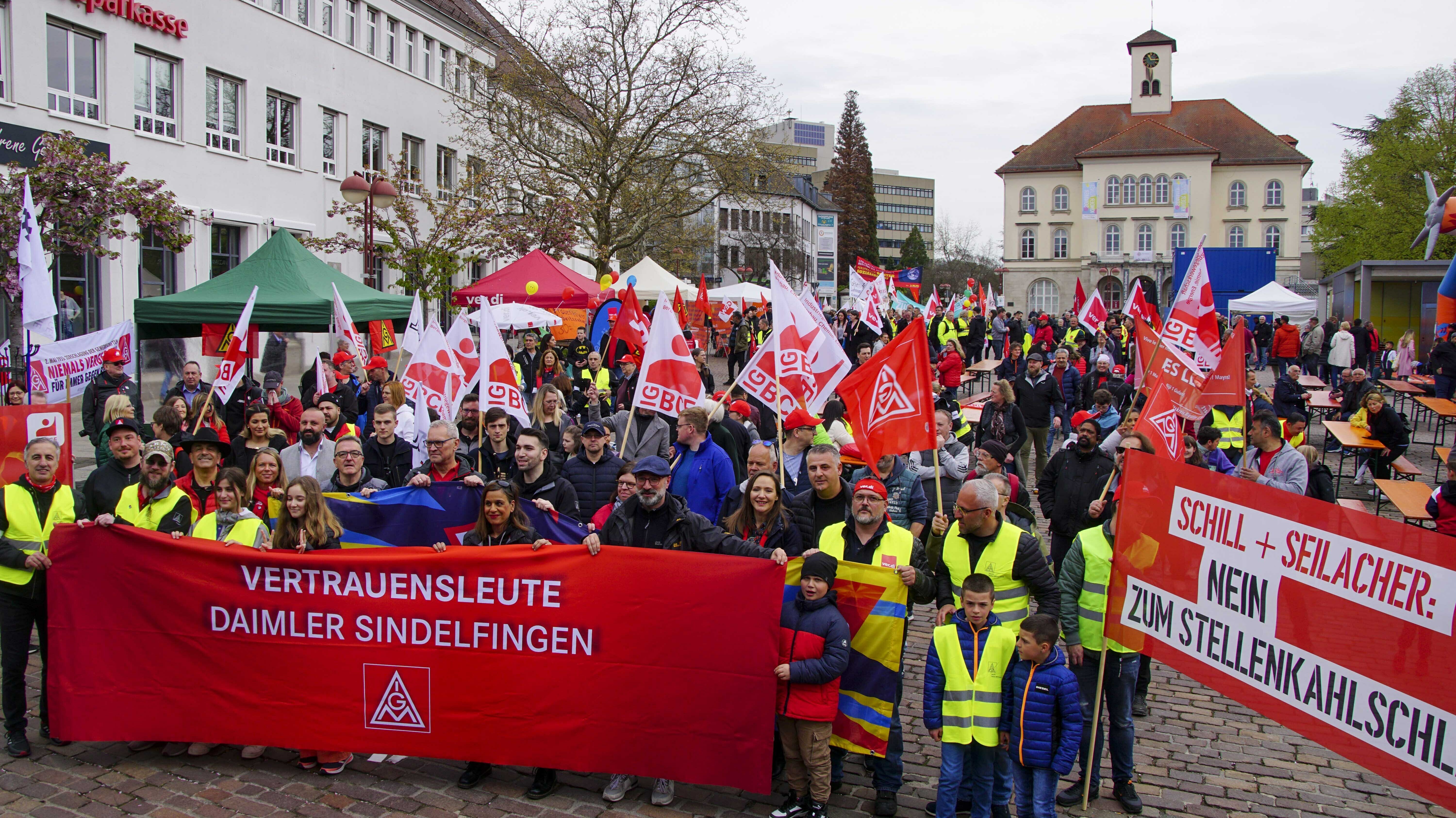 Etwa 200 Menschen haben an der DGB-Kundgebung am 1. Mai in Sindelfingen teilgenommen. Bild: Dettenmeyer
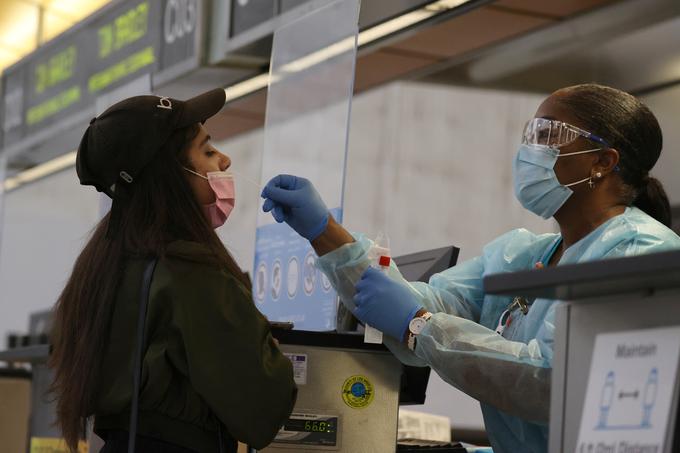Prav sledenje ter izmenjava informacij o testiranju in cepljenju sta namreč odgovor na vprašanje, kako bodo potniki dokazali, da so bili testirani in cepljeni proti novemu koronavirusu. | Foto: Reuters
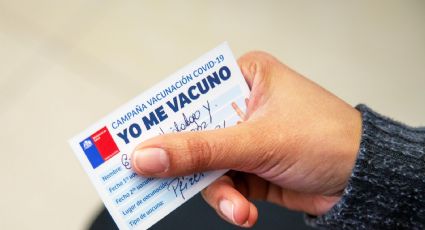 El ministro de Salud de Chile adelantó cuántas dosis contra el coronavirus tendrían que darse al año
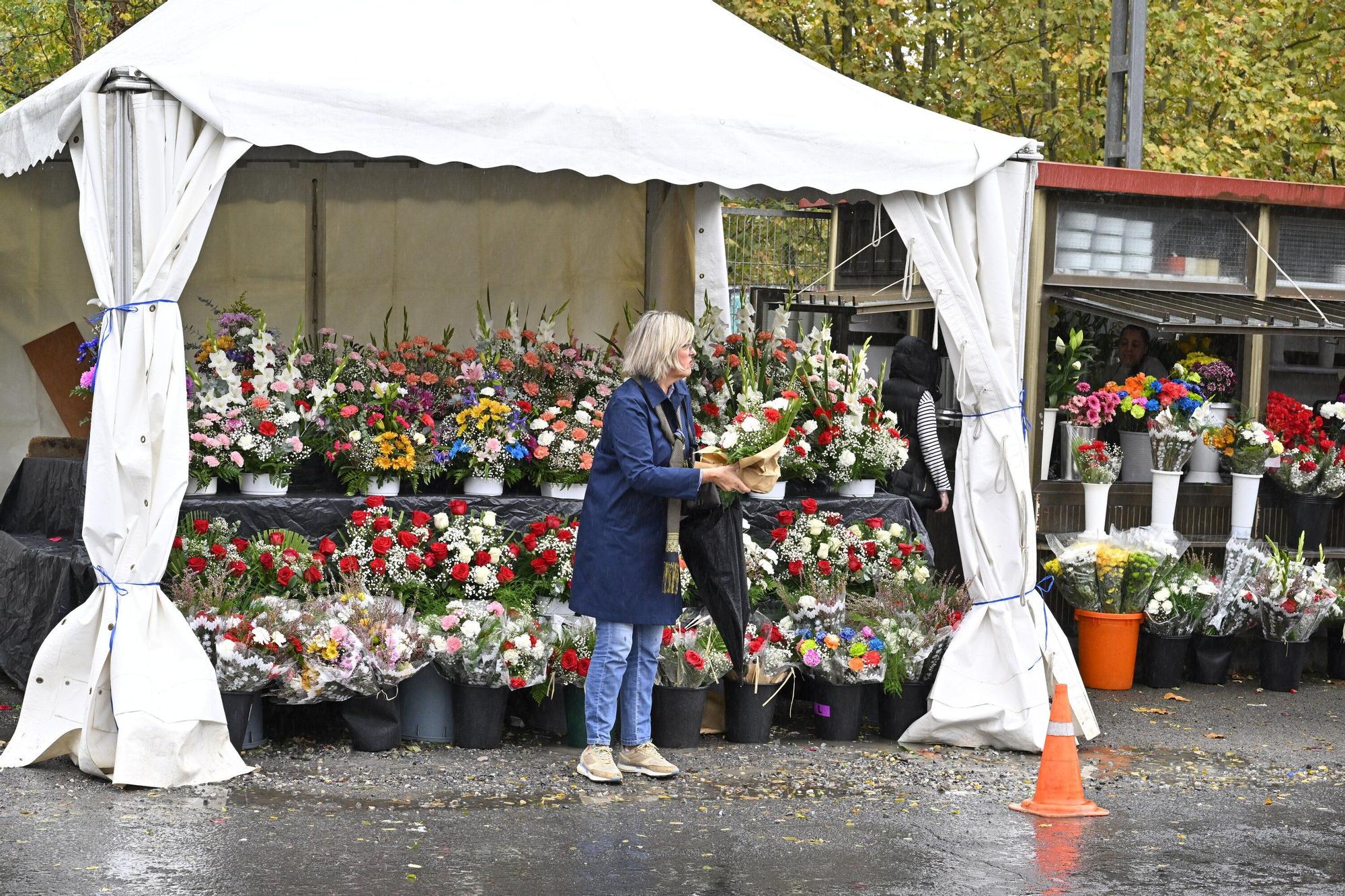 En imágenes: así se vive el día de Todos los Santos en el cementerio de Bilbao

◆ TASK INSTRUCTIONS: For every line above, produce an exact transcription that omits the images.

◆ OUTPUT OF THE EXERCISE:
 Etwa 200 Menschen haben an der DGB-Kundgebung am 1. Mai in Sindelfingen teilgenommen. Bild: Dettenmeyer
Prav sledenje ter izmenjava informacij o testiranju in cepljenju sta namreč odgovor na vprašanje, kako bodo potniki dokazali, da so bili testirani in cepljeni proti novemu koronavirusu. | Foto: Reuters
 El ministro de Salud de Chile adelantó cuántas dosis contra el coronavirus tendrían que darse al año
 En imágenes: así se vive el día de Todos los Santos en el cementerio de Bilbao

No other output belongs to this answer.